A trendy, fashion-follower, she devours magazines and other media, wants designer looks at sharp prices, and wants it fast. With all in-house merchandise, groups arrive daily to satisfy the customer’s desire for constant newness. Apparel is 85 percent trendy and fashion-forward, with 15 percent in key items of mostly tops and denim.

“We’re going for close-to-runway fashion,” said Barry Shapiro, senior vice president, Pazo. “We can translate designer fashion right away. We can interpret a raw silk asymetrical skirt, by a designer like Marc Jacobs, and have it stores the same month it appears in Vogue. The difference is, ours is $49, not $800, and of course, it’s not raw silk.” Prices average $40, with a range of $14 to $118.

With apparel at 85 percent of inventory, Pazo also offers shoes, accessories and intimate apparel. The mix allows wardrobing and multiple sales, similar to Chico’s formula, and gives Pazo an edge over other fashion stores, said officials.

“Our research told us this customer may go one place for great pants, another for T-shirts, and still another for shoes,” said Jayme Alemechko, senior merchant. “There’s no one place where customers say they can find it all at the same time.”

The clothing is of-the-moment. Bottoms include cargos, capris or full-length stretch silhouettes, to several denim pieces, in various washes, rises and embellishments. Tops range from little tanks with rhinestone or sequin details to ruffled and abstract print shirts. Mostly casual, the mix includes a few little dresses or long black broomstick skirts. Accessories include artisan-style necklaces, with shells, stones and other natural elements, charm bracelets or vintage-inspired earrings.

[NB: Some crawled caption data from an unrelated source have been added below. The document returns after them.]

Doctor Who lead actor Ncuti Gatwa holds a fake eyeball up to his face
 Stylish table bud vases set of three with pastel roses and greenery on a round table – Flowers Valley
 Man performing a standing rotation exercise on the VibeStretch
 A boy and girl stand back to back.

Stores average 2,600 square feet. Like product, store design bears little relation to Chico’s. Although the units vary slightly, according to space restrictions, most have a uniform ambience. Minimalist neutral tones, Terrazzo tile floors, tiny crystal chandeliers and halogen track lights make stores appear bright, clean and contemporary. Clothing is hung around the perimeter, and folded on chrome, glass and wood shelves in the store’s center. Shoes and accessories are displayed in lighted recessed areas on the wall.

A plasma screen video wall in the back of the store continuously runs video, produced in-house of models cavorting in the latest Pazo fashions and lifestyle, designed to reinforce the Pazo brand. The name, Pazo, was originally intended as “Pazzo”, Italian slang for “cool,” but officials had to drop a “z” when they found the name was already copyrighted.

Leveraging Chico’s buying power with global suppliers gave Pazo a clear advantage right from the start, said officials.

“Chico’s credibility and clout allows us to get good deals and small runs, as little as 180 pieces, that no small operation starting out could do,” said Shapiro. “That will lead to great margin opportunities now, and down the road.” Chico’s has 378 stores in 41 states, with sales of around $500 million.

With no major media advertising to begin, Pazo is building a mailing list for its frequent customer club. Similar to Chico’s Passport Program, Club Pazo will reward customers with discounts, but its primary focus is brand-building and gaining customer feedback. A Pazo “Lookbook” mailer, and a web site, will launch at the end of March, with fashion editorial, but no selling as of yet. In-store fashion shows and other events are also planned for members.

Sales associates each participate in week-long training programs and continue training after hiring with weekly meetings. Like Chico’s, stores are heavily staffed, with up to eight associates per store working on weekend days. Like Chico’s, Pazo’s sales philosophy encourages befriending and building trust with customers, in a party-like atmosphere.

Pro-forma first-year sales are projected at $1.6 million a store, or around $500 per square foot, though estimates are conservative, said Shapiro, depending on the traffic each individual space draws.

Between four and six more stores are planned to open in the fall, but the rollout after that is intentionally vague.

“We’re going slowly and testing this concept carefully, said Shapiro. “We’ll know more after a year of listening to what our customers tell us.”